◆ Your goal: Copy out, unchanged, every line from the start of the records to the line that contains "Colțar extensibil dumonde", and stop there.

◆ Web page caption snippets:
:::::

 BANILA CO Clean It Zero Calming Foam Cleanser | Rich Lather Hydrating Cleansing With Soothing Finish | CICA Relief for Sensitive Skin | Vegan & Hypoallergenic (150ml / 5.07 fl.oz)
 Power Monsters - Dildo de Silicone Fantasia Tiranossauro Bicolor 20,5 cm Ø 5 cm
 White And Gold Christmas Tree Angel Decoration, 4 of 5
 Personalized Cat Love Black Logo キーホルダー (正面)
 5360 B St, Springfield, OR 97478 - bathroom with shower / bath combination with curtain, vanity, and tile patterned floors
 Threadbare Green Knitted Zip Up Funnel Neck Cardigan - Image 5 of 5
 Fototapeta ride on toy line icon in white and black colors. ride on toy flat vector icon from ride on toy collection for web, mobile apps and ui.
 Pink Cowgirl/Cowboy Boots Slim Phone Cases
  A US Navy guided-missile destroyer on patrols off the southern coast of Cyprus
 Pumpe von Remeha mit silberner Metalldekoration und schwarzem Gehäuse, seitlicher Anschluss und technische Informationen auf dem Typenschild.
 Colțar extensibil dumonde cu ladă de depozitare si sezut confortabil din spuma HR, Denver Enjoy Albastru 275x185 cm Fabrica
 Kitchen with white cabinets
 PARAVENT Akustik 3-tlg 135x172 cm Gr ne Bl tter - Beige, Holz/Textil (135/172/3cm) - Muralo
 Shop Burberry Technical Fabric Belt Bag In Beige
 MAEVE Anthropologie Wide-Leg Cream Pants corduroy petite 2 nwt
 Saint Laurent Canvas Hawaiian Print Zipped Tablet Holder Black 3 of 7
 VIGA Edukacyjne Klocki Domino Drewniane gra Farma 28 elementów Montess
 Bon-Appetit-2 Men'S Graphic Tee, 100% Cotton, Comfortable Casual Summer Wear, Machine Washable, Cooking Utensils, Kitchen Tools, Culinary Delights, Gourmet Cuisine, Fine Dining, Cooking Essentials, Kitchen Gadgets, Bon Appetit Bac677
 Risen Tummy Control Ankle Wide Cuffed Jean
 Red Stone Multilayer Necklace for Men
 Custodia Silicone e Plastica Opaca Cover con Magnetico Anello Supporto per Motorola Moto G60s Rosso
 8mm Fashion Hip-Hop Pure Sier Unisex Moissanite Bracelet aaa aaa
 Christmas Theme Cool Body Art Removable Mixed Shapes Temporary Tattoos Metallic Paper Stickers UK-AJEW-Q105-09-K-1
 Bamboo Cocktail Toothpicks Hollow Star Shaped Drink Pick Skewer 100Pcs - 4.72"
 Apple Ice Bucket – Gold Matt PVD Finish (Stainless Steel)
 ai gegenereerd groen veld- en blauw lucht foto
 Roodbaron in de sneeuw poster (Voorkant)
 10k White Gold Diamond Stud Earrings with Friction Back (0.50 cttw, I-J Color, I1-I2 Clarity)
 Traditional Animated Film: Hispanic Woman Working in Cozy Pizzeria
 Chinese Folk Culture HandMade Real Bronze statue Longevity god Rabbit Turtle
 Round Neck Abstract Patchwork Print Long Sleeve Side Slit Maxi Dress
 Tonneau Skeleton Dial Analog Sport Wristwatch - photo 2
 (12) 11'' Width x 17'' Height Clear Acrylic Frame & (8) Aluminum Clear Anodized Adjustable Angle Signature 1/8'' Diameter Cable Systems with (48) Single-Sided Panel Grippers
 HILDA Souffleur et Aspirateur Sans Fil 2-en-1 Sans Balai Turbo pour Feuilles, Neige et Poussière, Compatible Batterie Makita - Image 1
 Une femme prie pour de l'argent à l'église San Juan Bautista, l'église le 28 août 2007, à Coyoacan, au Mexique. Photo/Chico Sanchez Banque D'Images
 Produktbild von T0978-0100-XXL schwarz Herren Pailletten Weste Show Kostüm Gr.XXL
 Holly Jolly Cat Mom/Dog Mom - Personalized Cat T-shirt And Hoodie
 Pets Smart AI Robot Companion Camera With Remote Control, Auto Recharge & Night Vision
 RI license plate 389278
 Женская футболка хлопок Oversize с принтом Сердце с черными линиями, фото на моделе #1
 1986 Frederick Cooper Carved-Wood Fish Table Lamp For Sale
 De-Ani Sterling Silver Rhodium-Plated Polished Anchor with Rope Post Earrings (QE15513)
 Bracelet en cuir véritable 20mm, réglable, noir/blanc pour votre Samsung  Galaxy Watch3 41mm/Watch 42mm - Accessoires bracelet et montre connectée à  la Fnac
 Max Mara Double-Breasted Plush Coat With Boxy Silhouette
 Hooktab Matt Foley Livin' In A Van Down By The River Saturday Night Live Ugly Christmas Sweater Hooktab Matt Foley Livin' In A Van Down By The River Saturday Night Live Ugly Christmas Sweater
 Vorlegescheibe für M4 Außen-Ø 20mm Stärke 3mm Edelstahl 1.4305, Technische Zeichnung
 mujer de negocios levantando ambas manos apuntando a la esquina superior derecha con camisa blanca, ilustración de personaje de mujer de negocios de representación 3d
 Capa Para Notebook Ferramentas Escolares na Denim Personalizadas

:::::

◆ Response box:
 BANILA CO Clean It Zero Calming Foam Cleanser | Rich Lather Hydrating Cleansing With Soothing Finish | CICA Relief for Sensitive Skin | Vegan & Hypoallergenic (150ml / 5.07 fl.oz)
 Power Monsters - Dildo de Silicone Fantasia Tiranossauro Bicolor 20,5 cm Ø 5 cm
 White And Gold Christmas Tree Angel Decoration, 4 of 5
 Personalized Cat Love Black Logo キーホルダー (正面)
 5360 B St, Springfield, OR 97478 - bathroom with shower / bath combination with curtain, vanity, and tile patterned floors
 Threadbare Green Knitted Zip Up Funnel Neck Cardigan - Image 5 of 5
 Fototapeta ride on toy line icon in white and black colors. ride on toy flat vector icon from ride on toy collection for web, mobile apps and ui.
 Pink Cowgirl/Cowboy Boots Slim Phone Cases
  A US Navy guided-missile destroyer on patrols off the southern coast of Cyprus
 Pumpe von Remeha mit silberner Metalldekoration und schwarzem Gehäuse, seitlicher Anschluss und technische Informationen auf dem Typenschild.
 Colțar extensibil dumonde cu ladă de depozitare si sezut confortabil din spuma HR, Denver Enjoy Albastru 275x185 cm Fabrica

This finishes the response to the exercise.